As I stepped out of the Detroit Auto Show this week I was immediately greeted by Ford’s Mustang Stampede. Hundreds of Mustangs participated in the rally that stretched from Washington state to Detroit, culminating in the debut of the seventh-generation Mustang. Many of the Stangs were parked along Jefferson Avenue outside the show, awaiting the reveal a few blocks down.
With the launch of the new Stang, I’ve noticed a resurgence in love for Fox Body Mustangs. There were a few on Jefferson and in the Stampede, and there’s actually a fair amount of them still on the road. As far as generations go, it’s a tweener. It’s not mythical like the first gen, nor as criticized as the Mustang II.
While second generation (1974-78) had to follow an icon and launched amid the ‘70s oil crisis, the Foxes that followed slipped into an easier time. Like much of Gen X, it’s overshadowed by the Boomer First Gen before it and the showy Gen Y and Millennial cars afterwards. The ‘80s were a bit weird. I was there, but with time and perhaps some sepia-toned vision, things from that era are getting their due.
We’re seeing that with the new Mustang’s digital cockpit, which can be configured to resemble the 1980s Fox body gauges (shown above). It’s also one of the first instances of an automaker recalling ‘80s design aesthetics (The new Nissan Z also captures that effectively), which makes sense given Gen X and the Geriatric Millennials now have the buying power to afford new and vintage Mustangs. Hagerty notes that Fox Bodies can still be found for well under $10,000 and says some examples fetch as much $90,000 (uncommonly).
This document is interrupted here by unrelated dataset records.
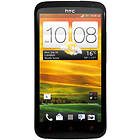 HTC One X+ 64GB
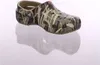 Crocs scarpe Classic Realtree, 12132260 Anteprima dell’immagine prodotto 17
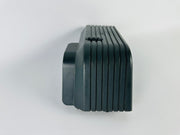 Cardio Equipment Parts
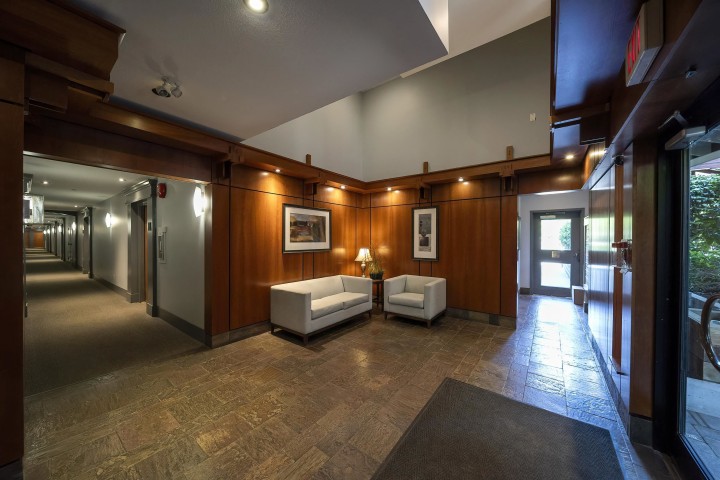 Photo 18 at 2113 - 4625 Valley Drive, Quilchena, Vancouver West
The Fox Bodies had a long life, from 1979 to 1993, and they made a design statement. Jack Telnack, who later styled the 1980s Taurus that jump-started Ford’s sedan sales, produced the only Mustang design that’s a bit boxy and squared off. Depending on the year and model (some had angled nose clips), there’s some variance, but there’s no debate the third gen stands alone in the Mustang style book.
The Foxes had their moments. The high output 5.0-liter V8 and the 2.3-liter turbo four were memorable variants, and the Mustang was generally well received before sales tapered as the ‘80s rolled on. They also had some quality issues, and being among the best sports cars of a duller era doesn’t do them any favors.
But as I strolled to the Gen 7 unveiling in the fading light, I found the Fox Bodies’ resurgence heartening. People wore Fox T-shirts and the examples there were in good shape. Enough time has passed that an ‘80s Mustang is no longer a beater high school car or Uncle Fred’s daily driver. They’re legitimately vintage, and the Fox Bodies have earned their place in history.